On the other hand an unified (inclusive) L3 cache helps with maintaining cache c...

sliverstorm · on Aug 18, 2016

A unified L3 is expensive in a number of ways. It is large, which means it is geographically remote, as well as slow (for caches, big == slow). This costs lots of access latency.

It also has a bandwidth problem. If 64 threads are vying for access, you either build it with few access ports and it gets choked, or you build it with many access ports which is costly in area, power, & speed.

Two separate peer caches automatically have twice the bandwidth of one similar double-size cache, for the price of NUMA & cache coherency challenges.

There is no one right answer here. Bandwidth is far more important and coherency much easier in a small L1; as you go down the hierarchy, bandwidth needs shrink and coherency is more expensive.

BlackMonday · on Aug 19, 2016

I remember a rumour about a HPC-APU from AMD which would combine 16 Zen cores with a Vega GPU and HBM (High Bandwith Memory) as a L4 cache. I know a L4 cache would be much slower than a L3 cache, but I'm curious, could HBM as a L4 cache be one of the reasons why they didn't use a unified L3 cache?

Disclaimer: I don't know sh*t about hardware design as you can probably guess from my posting. ;o)

snuxoll · on Aug 19, 2016

L4 cache is more used as embedded memory for the on-die GPU, last I checked Intel only included their eDRAM L4 cache on Iris Pro equipped model as any on-die GPU worth its salt is going to be bandwidth constrained even with a relatively low amount of GPU cores.

Same situation with Zen, if they're going to include even a Polaris it would be highly memory constrained if it had to hit system RAM all the time, so another fat chunk of memory on-die will be necessary to not starve it and keep latency down (as it stands the RX 480 can pump 256GB/s).

BlackMonday · on Aug 19, 2016

Yeah, the bandwith problem is already noticeable with AMD's current APU's even though they use small GPU cores compared to discrete grapics cards.
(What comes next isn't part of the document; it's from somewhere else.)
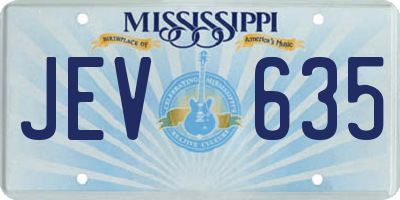 MS license plate JEV635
Faster DDR3/4 memory brings noticeable FPS improvements. If they already had HBM they would run circles around Intel (which they probably already do unless the competitor is a Iris Pro with eDRAM).

Could the CPU also profit from the HBM memory? The bandwith is much better than with DDR4 main memory (even if it is 2 or 4 channels), and I would guess the latency as well because it would be on the same die?

snuxoll · on Aug 19, 2016

HBM won't be on-die, but it will be on-package - HBM relies on chip stacking to get the desired throughput in a small surface area, regardless the latency and throughput would stomp system DRAM something awful, and if it's a proper L4 cache then the CPU would benefit as well.

IBM does something similar (though not for graphics) in recent POWER CPU's with the Centaur memory controller(s), they are off-chip memory controllers with a bunch of eDRAM to act as a L4 cache (though the difference here is each system has multiple centaur controllers to handle different DIMM slots). They're able to burst to ~96GB/sec to system memory using this, having a good amount of on-package HBM would probably yield similar gains :)

tcoppi · on Aug 18, 2016

Cache coherency might not necessarily be an issue if they treat each Cores->L3 pair as a NUMA node. I don't think they are doing that since we probably would have already heard about it if they are, but AMD has done crazier things before, and they are pretty good at NUMA architectures.

gpderetta · on Aug 18, 2016

what do you mean? NUMA nodes are still coherent.

tcoppi · on Aug 18, 2016

You're right, I don't know what I was thinking.